* [WHAT THE TASK ASKS]
Your answer should be only the lines below from the one with "モーテル Americas Best Value Inn Bowling Green" to the one with "Pensacola Pirate Scavenger Hunt & Walking Tour - An", repeated exactly, ends included.

[Crawled caption data]
::::::

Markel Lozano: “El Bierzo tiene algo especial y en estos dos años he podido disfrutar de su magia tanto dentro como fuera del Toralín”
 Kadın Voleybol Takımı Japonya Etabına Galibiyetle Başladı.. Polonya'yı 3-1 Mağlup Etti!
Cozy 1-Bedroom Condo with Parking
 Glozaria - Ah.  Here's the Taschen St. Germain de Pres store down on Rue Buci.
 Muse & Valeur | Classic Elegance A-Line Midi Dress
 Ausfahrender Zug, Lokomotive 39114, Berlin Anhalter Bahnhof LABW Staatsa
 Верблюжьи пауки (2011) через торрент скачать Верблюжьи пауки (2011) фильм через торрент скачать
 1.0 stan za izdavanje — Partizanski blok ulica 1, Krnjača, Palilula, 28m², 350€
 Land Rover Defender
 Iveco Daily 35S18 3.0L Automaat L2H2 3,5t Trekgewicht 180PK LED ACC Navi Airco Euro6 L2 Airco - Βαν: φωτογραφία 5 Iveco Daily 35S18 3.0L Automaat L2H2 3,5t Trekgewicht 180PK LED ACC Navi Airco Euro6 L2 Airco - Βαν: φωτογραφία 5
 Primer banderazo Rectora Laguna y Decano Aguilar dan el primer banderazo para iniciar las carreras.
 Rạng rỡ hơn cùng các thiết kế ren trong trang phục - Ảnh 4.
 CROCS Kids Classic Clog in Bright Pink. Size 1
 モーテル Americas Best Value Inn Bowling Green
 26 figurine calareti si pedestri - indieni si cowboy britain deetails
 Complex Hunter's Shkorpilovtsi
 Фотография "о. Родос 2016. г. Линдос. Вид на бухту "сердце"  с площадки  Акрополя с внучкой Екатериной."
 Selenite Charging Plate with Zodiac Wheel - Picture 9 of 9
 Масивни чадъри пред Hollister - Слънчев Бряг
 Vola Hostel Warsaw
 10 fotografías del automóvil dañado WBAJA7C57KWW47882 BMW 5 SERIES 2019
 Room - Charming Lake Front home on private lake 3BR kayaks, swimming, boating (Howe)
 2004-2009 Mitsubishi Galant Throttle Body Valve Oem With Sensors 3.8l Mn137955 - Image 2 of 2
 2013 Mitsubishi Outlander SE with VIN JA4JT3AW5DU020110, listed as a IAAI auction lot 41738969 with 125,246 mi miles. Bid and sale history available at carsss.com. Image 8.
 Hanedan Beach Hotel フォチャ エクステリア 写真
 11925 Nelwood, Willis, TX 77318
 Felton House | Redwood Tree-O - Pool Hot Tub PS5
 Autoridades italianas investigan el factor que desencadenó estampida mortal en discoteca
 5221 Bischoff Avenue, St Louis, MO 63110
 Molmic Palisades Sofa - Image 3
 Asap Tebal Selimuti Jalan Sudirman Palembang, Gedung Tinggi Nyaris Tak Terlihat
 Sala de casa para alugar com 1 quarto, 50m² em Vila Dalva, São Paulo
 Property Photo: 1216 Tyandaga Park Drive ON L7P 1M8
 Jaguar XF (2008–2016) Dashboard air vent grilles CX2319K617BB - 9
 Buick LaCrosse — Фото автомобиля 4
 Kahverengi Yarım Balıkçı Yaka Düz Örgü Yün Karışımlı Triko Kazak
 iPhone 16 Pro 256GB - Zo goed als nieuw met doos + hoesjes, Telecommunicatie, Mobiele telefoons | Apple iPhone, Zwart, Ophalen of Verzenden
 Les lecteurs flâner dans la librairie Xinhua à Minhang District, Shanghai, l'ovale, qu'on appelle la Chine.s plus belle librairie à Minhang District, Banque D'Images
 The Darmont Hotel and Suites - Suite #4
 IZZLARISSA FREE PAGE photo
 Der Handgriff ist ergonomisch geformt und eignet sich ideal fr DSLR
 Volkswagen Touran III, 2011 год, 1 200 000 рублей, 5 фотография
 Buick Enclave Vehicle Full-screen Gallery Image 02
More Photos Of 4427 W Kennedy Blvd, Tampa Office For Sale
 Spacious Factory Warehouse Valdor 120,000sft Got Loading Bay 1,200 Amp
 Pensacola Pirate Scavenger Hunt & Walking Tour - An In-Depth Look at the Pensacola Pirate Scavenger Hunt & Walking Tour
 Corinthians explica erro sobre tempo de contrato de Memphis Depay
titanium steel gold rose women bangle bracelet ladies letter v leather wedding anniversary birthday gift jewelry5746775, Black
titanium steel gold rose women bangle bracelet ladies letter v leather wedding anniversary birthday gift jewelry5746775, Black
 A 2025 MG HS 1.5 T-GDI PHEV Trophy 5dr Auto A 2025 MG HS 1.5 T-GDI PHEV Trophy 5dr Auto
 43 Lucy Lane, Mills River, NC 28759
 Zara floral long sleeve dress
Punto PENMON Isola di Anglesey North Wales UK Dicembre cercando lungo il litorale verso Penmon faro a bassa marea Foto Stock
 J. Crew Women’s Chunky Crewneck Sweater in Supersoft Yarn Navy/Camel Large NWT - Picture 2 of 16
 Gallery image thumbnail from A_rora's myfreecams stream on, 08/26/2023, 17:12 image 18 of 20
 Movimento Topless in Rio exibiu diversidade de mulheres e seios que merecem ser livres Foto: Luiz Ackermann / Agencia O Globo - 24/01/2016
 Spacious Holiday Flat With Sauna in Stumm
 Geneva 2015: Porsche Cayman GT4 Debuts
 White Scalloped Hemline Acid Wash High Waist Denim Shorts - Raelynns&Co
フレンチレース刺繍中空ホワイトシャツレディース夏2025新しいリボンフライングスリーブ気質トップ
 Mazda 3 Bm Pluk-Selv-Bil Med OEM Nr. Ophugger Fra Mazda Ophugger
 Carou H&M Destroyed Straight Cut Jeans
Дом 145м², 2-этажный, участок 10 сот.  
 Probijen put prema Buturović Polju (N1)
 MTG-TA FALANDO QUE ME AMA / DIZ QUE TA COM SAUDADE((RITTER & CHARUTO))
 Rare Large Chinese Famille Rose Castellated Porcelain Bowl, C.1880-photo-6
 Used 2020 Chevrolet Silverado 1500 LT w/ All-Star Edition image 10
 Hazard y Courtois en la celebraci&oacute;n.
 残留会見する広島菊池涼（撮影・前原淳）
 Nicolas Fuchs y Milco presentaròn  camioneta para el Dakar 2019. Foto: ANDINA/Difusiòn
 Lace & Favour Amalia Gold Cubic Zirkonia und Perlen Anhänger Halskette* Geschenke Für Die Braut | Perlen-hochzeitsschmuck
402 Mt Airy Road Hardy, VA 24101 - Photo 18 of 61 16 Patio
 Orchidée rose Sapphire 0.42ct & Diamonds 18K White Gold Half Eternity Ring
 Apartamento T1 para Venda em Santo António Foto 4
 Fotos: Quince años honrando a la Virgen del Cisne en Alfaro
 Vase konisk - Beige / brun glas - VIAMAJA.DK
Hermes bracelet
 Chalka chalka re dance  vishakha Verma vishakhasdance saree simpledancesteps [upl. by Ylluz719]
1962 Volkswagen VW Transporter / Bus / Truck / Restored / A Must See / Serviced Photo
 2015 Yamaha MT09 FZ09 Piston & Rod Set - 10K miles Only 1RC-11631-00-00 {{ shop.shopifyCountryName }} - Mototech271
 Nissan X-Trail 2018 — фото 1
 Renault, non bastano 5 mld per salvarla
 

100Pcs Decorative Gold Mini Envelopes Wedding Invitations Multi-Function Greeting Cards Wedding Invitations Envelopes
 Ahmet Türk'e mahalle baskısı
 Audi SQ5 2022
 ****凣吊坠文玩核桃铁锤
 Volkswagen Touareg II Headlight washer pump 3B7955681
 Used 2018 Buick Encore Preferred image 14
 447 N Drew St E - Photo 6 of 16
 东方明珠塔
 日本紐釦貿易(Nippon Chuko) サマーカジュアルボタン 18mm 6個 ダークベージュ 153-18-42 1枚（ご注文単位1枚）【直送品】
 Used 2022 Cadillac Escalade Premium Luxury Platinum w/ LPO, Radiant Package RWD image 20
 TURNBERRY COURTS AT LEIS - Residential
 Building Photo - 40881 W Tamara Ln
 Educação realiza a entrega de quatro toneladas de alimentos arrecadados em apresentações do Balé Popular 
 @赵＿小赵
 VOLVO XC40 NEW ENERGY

::::::

* [SOLUTION TO THE EXERCISE]
 モーテル Americas Best Value Inn Bowling Green
 26 figurine calareti si pedestri - indieni si cowboy britain deetails
 Complex Hunter's Shkorpilovtsi
 Фотография "о. Родос 2016. г. Линдос. Вид на бухту "сердце"  с площадки  Акрополя с внучкой Екатериной."
 Selenite Charging Plate with Zodiac Wheel - Picture 9 of 9
 Масивни чадъри пред Hollister - Слънчев Бряг
 Vola Hostel Warsaw
 10 fotografías del automóvil dañado WBAJA7C57KWW47882 BMW 5 SERIES 2019
 Room - Charming Lake Front home on private lake 3BR kayaks, swimming, boating (Howe)
 2004-2009 Mitsubishi Galant Throttle Body Valve Oem With Sensors 3.8l Mn137955 - Image 2 of 2
 2013 Mitsubishi Outlander SE with VIN JA4JT3AW5DU020110, listed as a IAAI auction lot 41738969 with 125,246 mi miles. Bid and sale history available at carsss.com. Image 8.
 Hanedan Beach Hotel フォチャ エクステリア 写真
 11925 Nelwood, Willis, TX 77318
 Felton House | Redwood Tree-O - Pool Hot Tub PS5
 Autoridades italianas investigan el factor que desencadenó estampida mortal en discoteca
 5221 Bischoff Avenue, St Louis, MO 63110
 Molmic Palisades Sofa - Image 3
 Asap Tebal Selimuti Jalan Sudirman Palembang, Gedung Tinggi Nyaris Tak Terlihat
 Sala de casa para alugar com 1 quarto, 50m² em Vila Dalva, São Paulo
 Property Photo: 1216 Tyandaga Park Drive ON L7P 1M8
 Jaguar XF (2008–2016) Dashboard air vent grilles CX2319K617BB - 9
 Buick LaCrosse — Фото автомобиля 4
 Kahverengi Yarım Balıkçı Yaka Düz Örgü Yün Karışımlı Triko Kazak
 iPhone 16 Pro 256GB - Zo goed als nieuw met doos + hoesjes, Telecommunicatie, Mobiele telefoons | Apple iPhone, Zwart, Ophalen of Verzenden
 Les lecteurs flâner dans la librairie Xinhua à Minhang District, Shanghai, l'ovale, qu'on appelle la Chine.s plus belle librairie à Minhang District, Banque D'Images
 The Darmont Hotel and Suites - Suite #4
 IZZLARISSA FREE PAGE photo
 Der Handgriff ist ergonomisch geformt und eignet sich ideal fr DSLR
 Volkswagen Touran III, 2011 год, 1 200 000 рублей, 5 фотография
 Buick Enclave Vehicle Full-screen Gallery Image 02
More Photos Of 4427 W Kennedy Blvd, Tampa Office For Sale
 Spacious Factory Warehouse Valdor 120,000sft Got Loading Bay 1,200 Amp
 Pensacola Pirate Scavenger Hunt & Walking Tour - An In-Depth Look at the Pensacola Pirate Scavenger Hunt & Walking Tour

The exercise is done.